SAN DIEGO – In an effort to educate the public and enforce the law, California Department of Motor Vehicles (DMV) investigators are conducting enforcement operations to put a stop to Disabled Person Parking Placard (DPPP) abuse.
On April 18, 2017, DMV investigators fanned out at six different locations in San Diego to identify and cite those using DPPPs that were not issued to them. Of the 369 people investigators found displaying a DPPP, 16 of them were doing so fraudulently.

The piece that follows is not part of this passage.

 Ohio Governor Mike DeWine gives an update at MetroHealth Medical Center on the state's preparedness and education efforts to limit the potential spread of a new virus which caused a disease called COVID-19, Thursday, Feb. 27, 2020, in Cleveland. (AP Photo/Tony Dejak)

“You can’t take Uncle Jim’s Disabled Person Parking Placard, without Uncle Jim, and use it to get more convenient, and/or free parking,” said Kenny Ehrman, president of the Association of Motor Vehicle Investigators of California (AMVIC). “As a DMV investigator conducting these enforcement operations, I see first-hand the struggle that disabled persons have in finding a parking space set aside for those experiencing a disability. Let’s be genuine and see that those who need parking spaces very close to business entrances, get them.”
DMV investigators checked out disabled parking spaces at two Costco and four Walmart stores and wrote citations that carry possible fines of up to $1,000. These are misdemeanor offenses that will appear on the offender’s driver record, however no points are assessed because it is not a moving violation.

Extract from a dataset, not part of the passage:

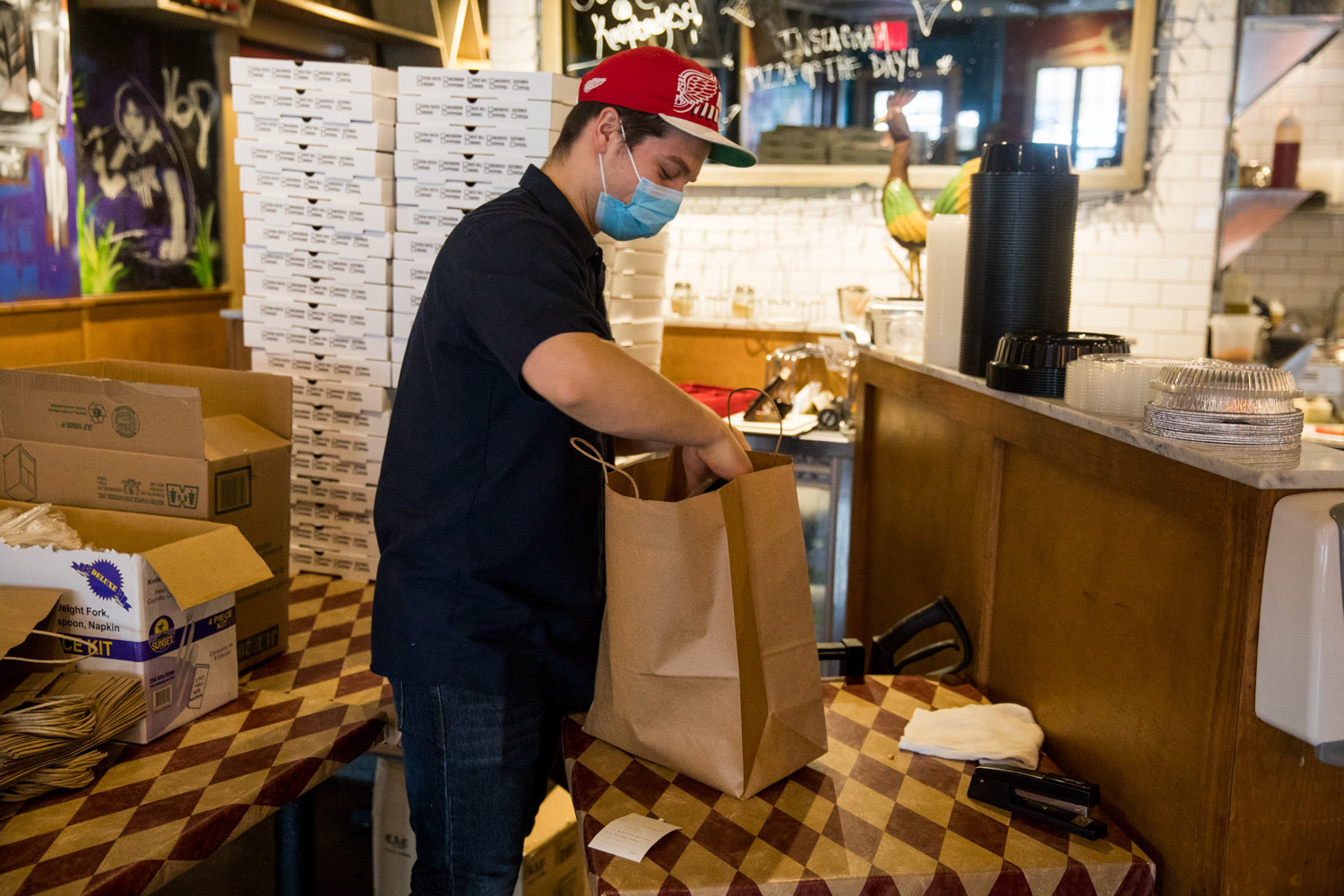 Ben Avery bags a customer’s order inside Kingsbridge Social Club, which has managed to stay in business despite the coronavirus pandemic. Restaurants have been moved up to the second phase of the state’s reopening plan for the city, but that will require outdoor seating.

California Vehicle Code Section 4461(b) (c) prohibits anyone from lending their placard, knowingly permitting the use of their placard or allowing anyone else to use it while they are not present. In addition, a person shall not display a disabled person placard that was not issued to him or her or that has been canceled or revoked.
“It is important to point out that some qualifying disabilities are not visually apparent and allegations of misuse may be unfounded,” explained DMV Investigations Chief Frank Alvarez. “The majority of Californians who apply for a DPPP have legitimate reasons for doing so.”
Anyone who thinks someone has been issued a Disabled Person Parking Placard in error or suspects placard misuse is urged to contact their local DMV Investigations office and submit a written complaint by filling out a Record of Complaint Form 172A. The complaint can be anonymous.
Approximately 2.4 million people in California are currently issued permanent Disabled Person Parking Placards.